The ‘no negative equity guarantee’ is an important feature of modern equity release plans, giving borrowers confidence when they use equity release to generate some cash from their property in retirement.
It’s a feature included at no extra cost to the borrower, ensuring that the debt never exceeds the current value of the property.
This is important because it means, when the borrower dies, their beneficiaries don’t inherit any debt.
But according to a new report, the equity release sector could be in deep trouble after undervaluing their no negative equity guarantees.
The report, called “Asleep at the Wheel: The Prudential Regulation Authority and the Equity Release Sector” comes from the free-market Adam Smith Institute.
It suggests the regulator has missed opportunities to effectively manage the risks faced by the equity release sector.
According to the Adam Smith Institute, the Prudential Regulation Authority has known about these risks for years. It is now argued that the regulator has knowingly allowed firms to use valuation methods that are unfit for the task.
According to report author Kevin Dowd, “Nearly two decades and one Global Financial Crisis later it seems like history is repeating itself.”
Professor Dowd goes on to say that this equity release issue is another case of incompetent management, undervalued long-term guarantees and regulators who are not up to their jobs.
He’s certainly pulling no punches in his criticism of how the sector is being regulated.
It’s an important issue because the equity release market is large and fast growing.
It has nearly tripled in size between 2012 and 2017, with forecasts it will grow by a further 40% by 2020.
The ageing population and rising property prices are encouraging more people to consider equity release as an option to supplement their retirement income in later life.
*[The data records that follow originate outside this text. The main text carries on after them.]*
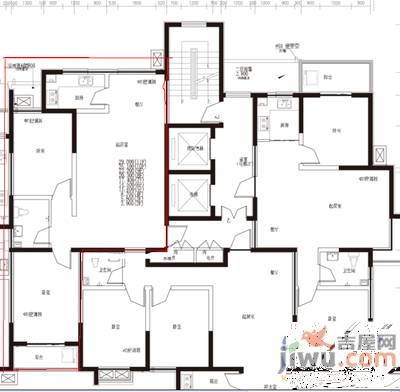 丰河苑西区2室1厅1卫90㎡户型图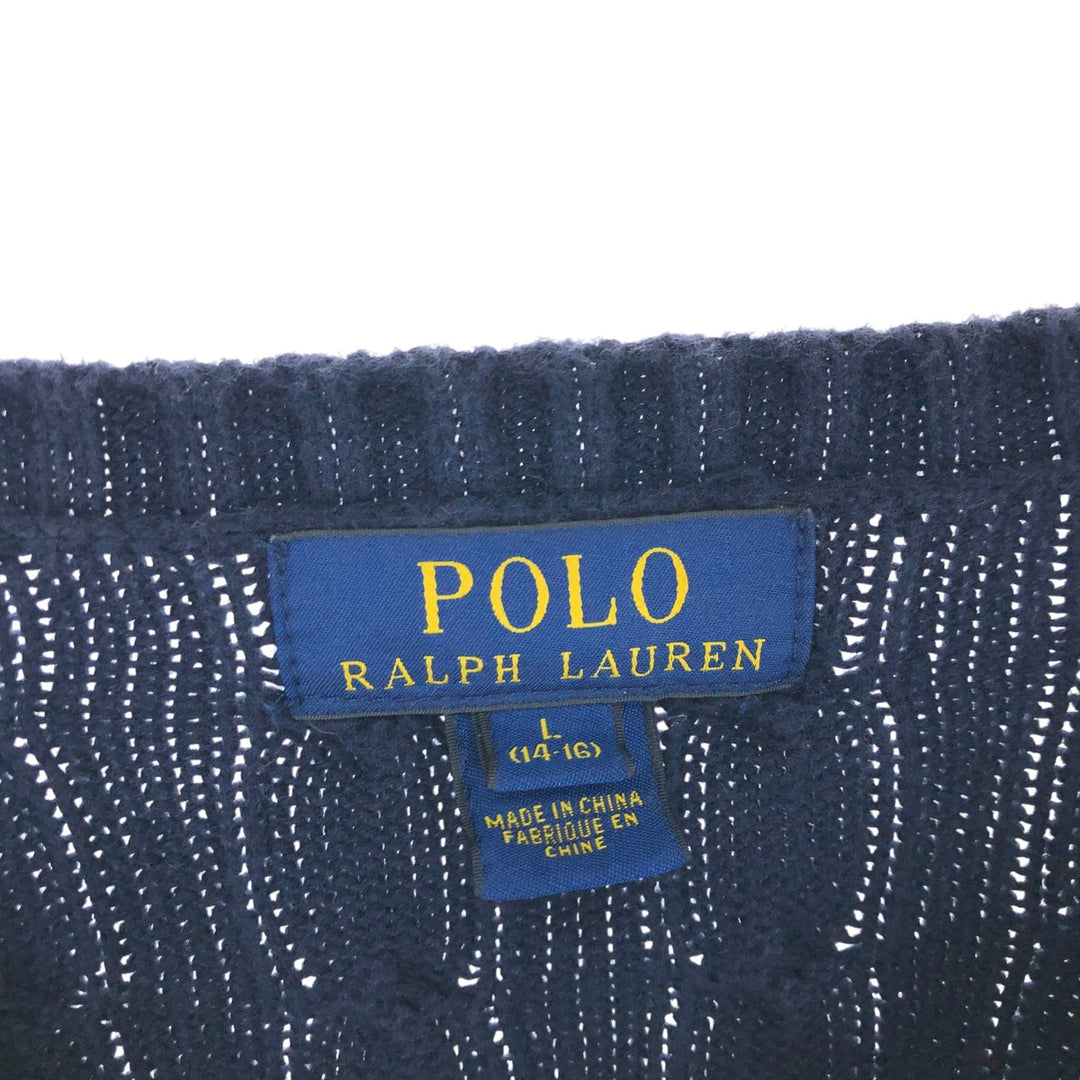 Ralph Lauren POLO RALPH LAUREN Cable knit cotton sweater Women's size L / eaa494429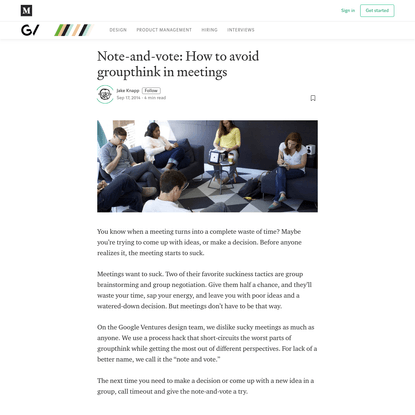 Note-and-vote: How to avoid groupthink in meetings
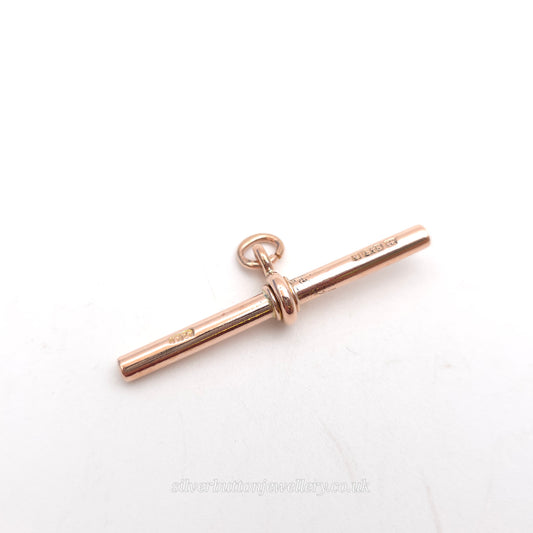 9ct Rose Gold Antique Traditional T-Bar Pendant / Charm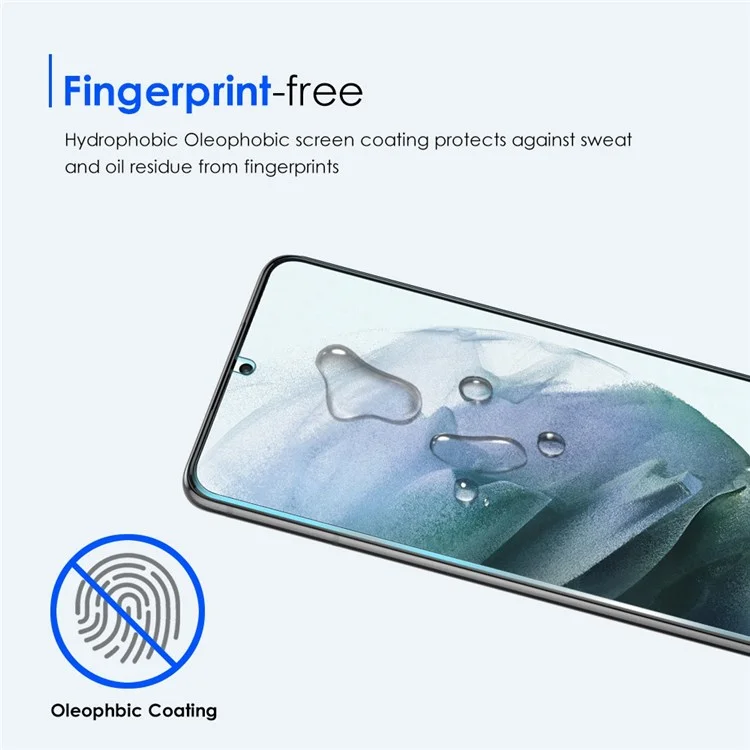 NORTHJO 2Pcs/Set for Samsung Galaxy S21 4G/5G 0.18mm Ultra Clear Tempered Glass Film Fingerprint Unlock Screen Protector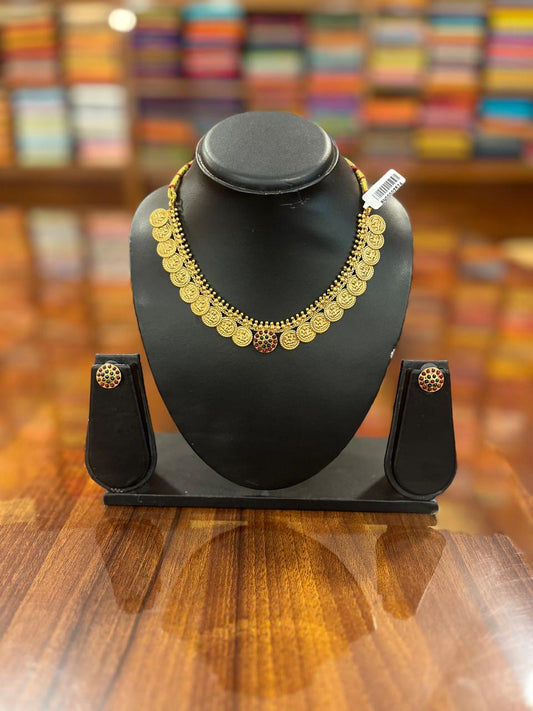 Gold Plated Temple Design Necklace with Earring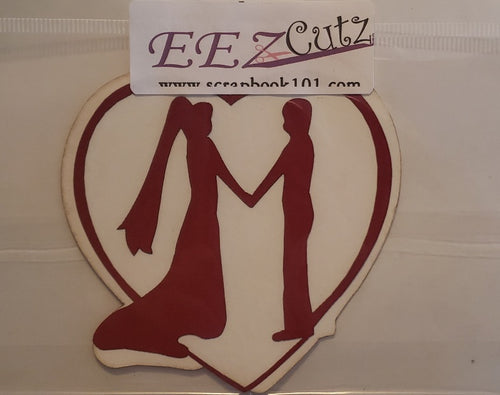 EEZ cutz custom laser cut - wedding couple in heart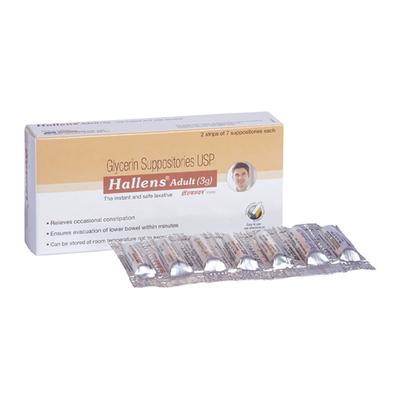 HALLENS ADULT (3G) Suppositories 2X7's - Constipation-Lax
Last year, the Prudential Regulation Authority carried out stress tests, considering a 30% fall in property prices and concluding this could lead to losses in the sector of between £2bn and £3bn.
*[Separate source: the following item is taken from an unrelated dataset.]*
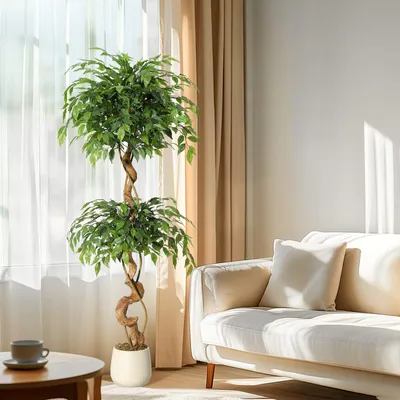 Produktbild von Kunstpflanzen Ficus Benjamini Ficusbaum mit Topf 150 cm – Birkenfeige mit Echtholzstamm, täuschend echte Seidenblätter, pflegeleicht & immergrün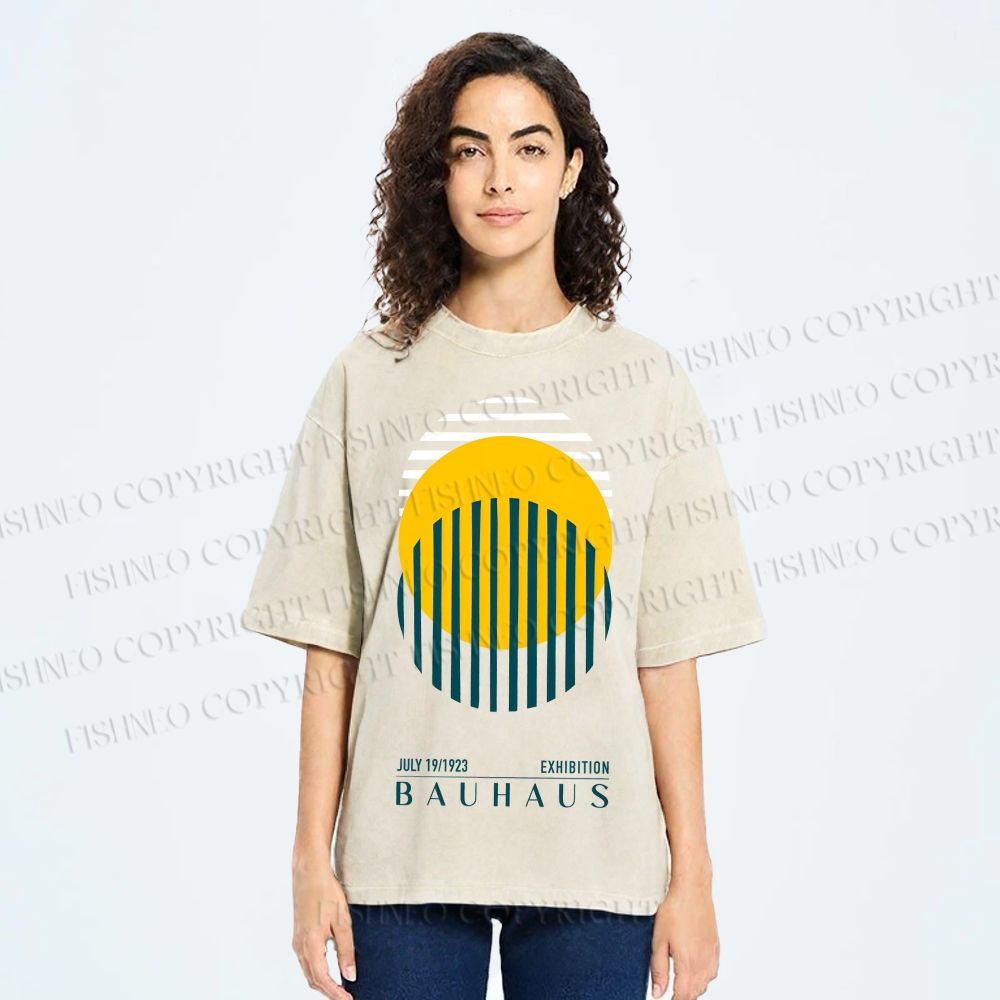 Unisex Bauhaus Geometric Circle Printed Washed Tee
According to the regulator at the time, the risks were skewed towards equity release providers with large house price exposure.
According to the report, the Prudential Regulation Authority is confused about the capital requirements it imposes upon the industry.
The Adam Smith Institute claims when the PRA was asked at a parliamentary Committee in 2017 about the size of these capital requirements, Deputy Bank Governor Sam Woods suggested the requirement was £126bn. But just moments later, his colleague David Belsham suggested it was just £80bn.
The Treasury Committee is accused by Professor Dowd of botching its scrutiny of the impact of Solvency II on insurance companies, and having been captured by corporate lobbyists.
According to the hard hitting report, questions must now arise about the Prudential Regulation Authority’s capacity to regulate the industry competently.
Report author Kevin Dowd, professor of finance and economics at Durham University, said:
“We never seem to learn. Equitable Life hit the rocks two decades ago because it under-valued its long-term guarantees. Now the Equity Release sector is in deep trouble for the same reason. In both cases, the firms involved got into difficulties because they were using voodoo valuation methods that had no scientific validation. Same causes, same results.
“In the aftermath of the Equitable Life fiasco we were assured that lessons had been learned and the vastly expensive Solvency II regulatory regime was installed to ensure there would never be a similar disaster in the future.
“The PRA and Solvency II have failed spectacularly.
“The most astonishing thing about this scandal is that the PRA knew about these poor valuation practices but permitted them anyway. It would be interesting to know why.”
With the Dowd report featuring in a BBC Radio 4 programme and making various headlines in the press, it’s unlikely this issue of equity release sector risks will go away quietly.